On November 29 I joined in a walk through Manchester with members of Anyone’s Child. The date and the place are important because one of the people walking was Ray Lakeman whose sons Jacque and Torin were last seen alive on November 29 2014 after going to Manchester United’s football ground. Their bodies were both found two days later in their hotel room, they’d died of overdoses.
This is just one of the many stories told by members of Anyone’s Child. Each member has lost someone to overdose, in most cases it’s their children. Members are now campaigning for the legalisation of drugs to take distribution out of the hands of criminals and put it into a legal framework where dose and quality control are regulated.

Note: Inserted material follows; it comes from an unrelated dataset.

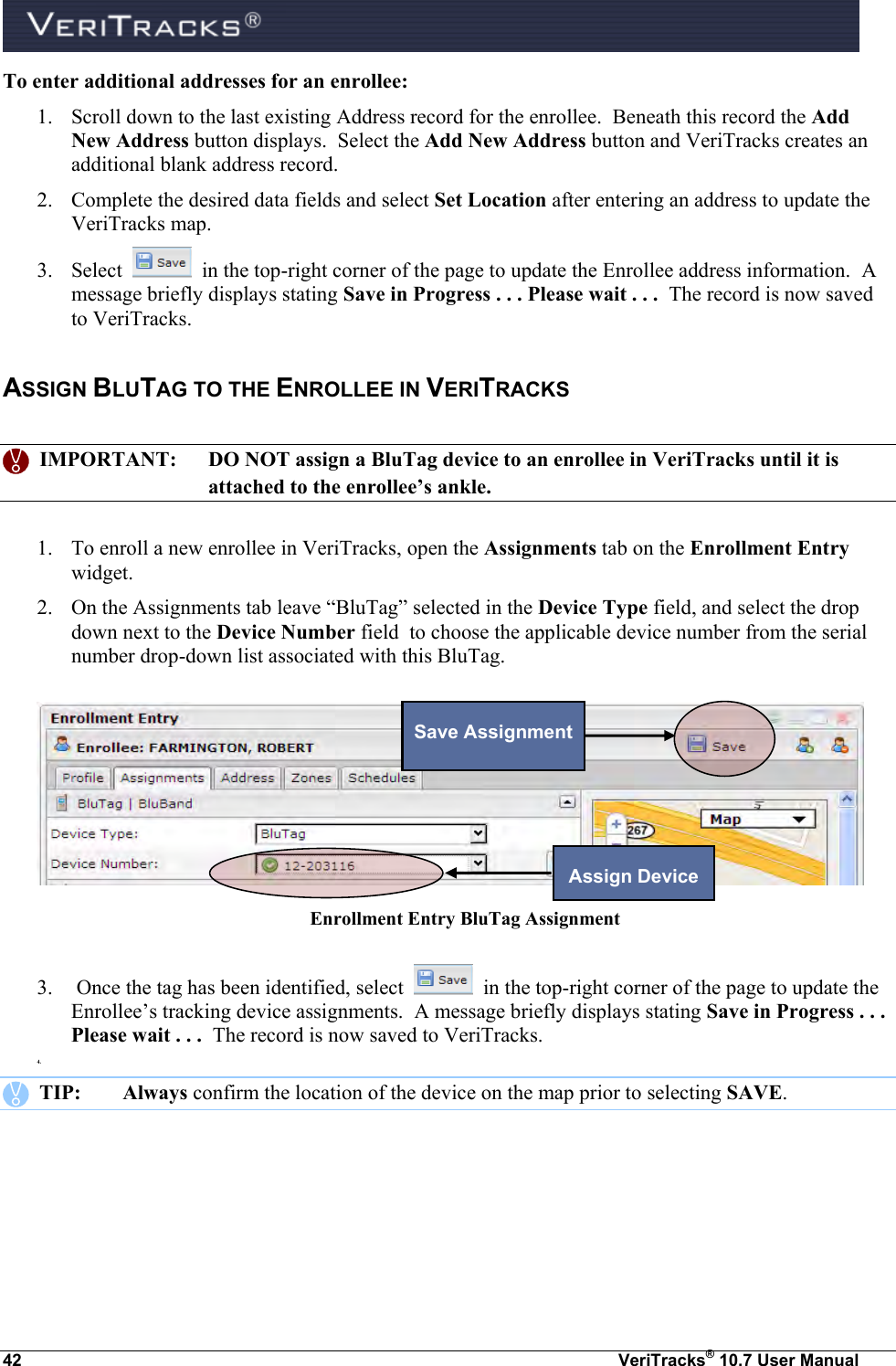  42  VeriTracks® 10.7 User Manual To enter additional addresses for an enrollee: 1. Scroll down to the last existing Address record for the enrollee.  Beneath this record the Add New Address button displays.  Select the Add New Address button and VeriTracks creates an additional blank address record. 2. Complete the desired data fields and select Set Location after entering an address to update the VeriTracks map.  3. Select     in the top-right corner of the page to update the Enrollee address information.  A message briefly displays stating Save in Progress . . . Please wait . . .  The record is now saved to VeriTracks. ASSIGN BLUTAG TO THE ENROLLEE IN VERITRACKS      IMPORTANT:  DO NOT assign a BluTag device to an enrollee in VeriTracks until it is attached to the enrollee’s ankle.  1. To enroll a new enrollee in VeriTracks, open the Assignments tab on the Enrollment Entry widget.  2. On the Assignments tab leave “BluTag” selected in the Device Type field, and select the drop down next to the Device Number field  to choose the applicable device number from the serial number drop-down list associated with this BluTag.  Enrollment Entry BluTag Assignment   3.  Once the tag has been identified, select     in the top-right corner of the page to update the Enrollee’s tracking device assignments.  A message briefly displays stating Save in Progress . . . Please wait . . .  The record is now saved to VeriTracks. 4.     TIP:  Always confirm the location of the device on the map prior to selecting SAVE. Assign Device Save Assignment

I was there to photograph the walk. Anyone’s Child members met in Piccadilly Gardens, handed out leaflets in the Christmas market (before being moved on by security), then visited the Peoples Museum where they made flowers – each one with the name of someone who had died due to drug overdose. The walk then stopped at Manchester United’s football ground where Ray spoke before finishing at the BBC gardens where the flowers were planted and members spoke again.
Harm reduction advocates are often accused of wanting legalisation because they just want to get high and as such we are easy for people to dismiss. However parents like those in Anyone’s Child cannot be dismissed so easily – their stories are tragic, emotional and simple to understand… lets reduce the risk of another person having to grieve for their child. Anyone’s Child have my total respect.
Anyone’s Child: Families for Safer Drug Control is an international network of families whose lives have been wrecked by current drug laws and are now campaigning to change them.
No one doubts that drugs can be dangerous – that’s why we should do all we can to prevent children and young people from taking them. But banning drugs and criminalising those who get involved with them causes even more harm.